La novela está estructurada en tres grandes partes: la primera, a la que da inicio con un epígrafe de Aparecida de Marta Dillon, da cuenta de los fragmentos en que la narradora tiene desmembrada a la madre en su niñez: una noche de chicas en que madre e hija ven telenovelas, la llegada de la madre del trabajo con regalitos, la vuelta de un día de río en que Cuchipe canta "El burrito cordobés", los poemitas pícaros que les recita a ella y a su hermano, las siestas en la escuela, los cuentos antes de dormir.
La segunda parte, a la que acompaña con la primera estrofa de "Se nos ha muerto un sueño" de Conrado Nalé Roxlo, relata la desaparición de la madre de la casa familiar, el desconcierto y el desamparo de los hijos ante la inexplicable ausencia, el momento exacto en que el padre les cuenta que la mamá ha muerto, el largo duelo, los significados de la vida sin madre.

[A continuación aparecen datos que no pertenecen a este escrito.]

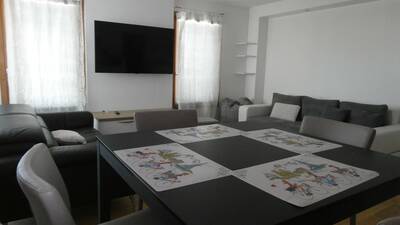 Location appartement 2 pièces Tours (37)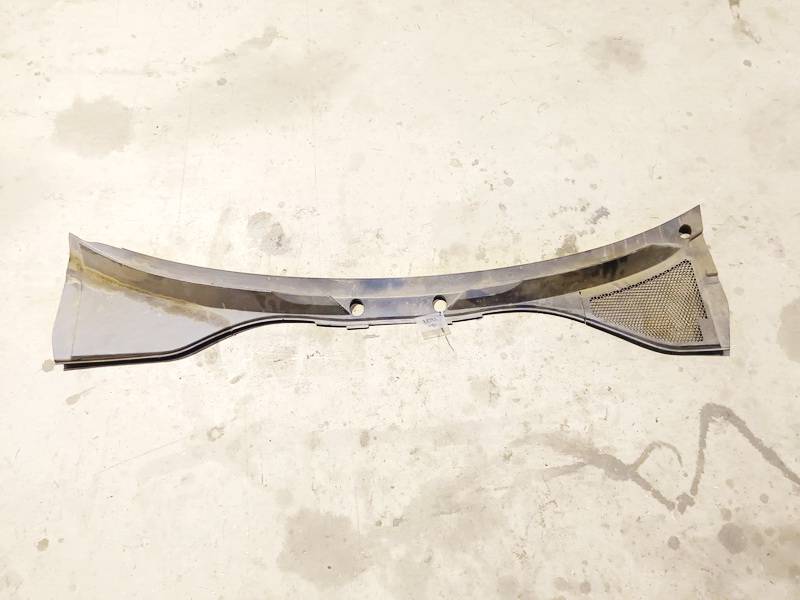 4L1819401 Audi Q7 2007 Listwa osłonowa wycieraczki - PRZEDNIE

Emergen otros personajes que van conteniendo el desamparo: el padre, que debe aprender de las infancias que tiene a cargo; la abuela, que no levanta cabeza del llanto, hasta que lo hace; las tías, que construyen el cariño cada una a su modo; el hermano, quien se convierte en el país de acogida ante el exilio del paraíso.
Y una tercera parte, bajo un epígrafe de El corazón del daño, de María Negroni, en que equipara el recuerdo con la unión y el perdón, en la que la narradora vuelve a esa imagen inicial de sí misma en la cama en posición fetal y se dispone a contar los episodios sobresalientes de la vida sin madre: las instrucciones para la vida de su abuela, la entrega del título universitario, su casamiento, el nacimiento del hijo, las discusiones con el padre, el concurso en la universidad, su lucha gremial, las disputas familiares por los sentidos.

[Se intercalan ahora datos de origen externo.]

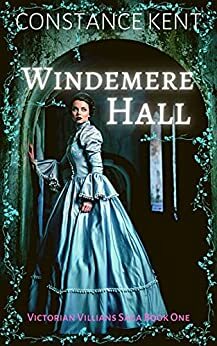 Windemere Hall by Catherine Lloyd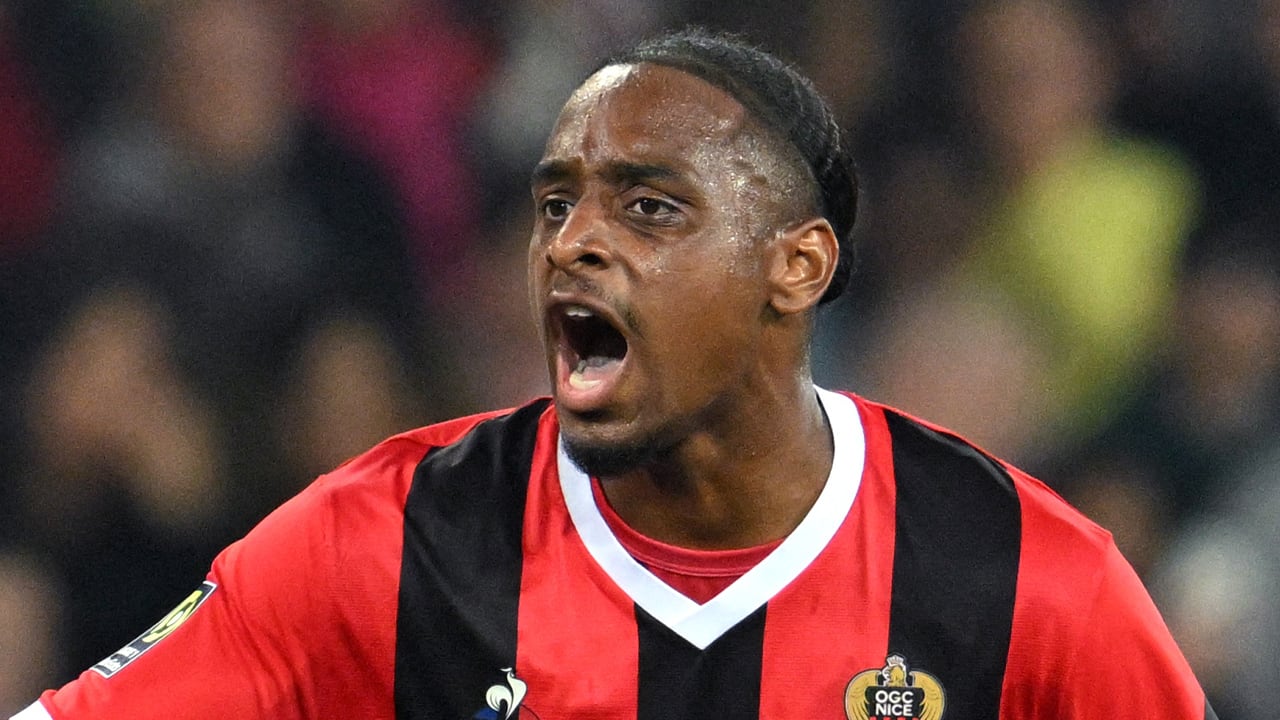 'Ajax doet Pablo Rosario een contractvoorstel'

Estamos ante una narración poética, que hace de la condensación su estrategia principal, mientras se suceden los relatos de episodios cotidianos y se los entraman argumentativamente. Al final, un poema metaforiza el esperado reencuentro con la madre en otra dimensión en un estallido de luces en la noche oscura, en el que arden las estrellas.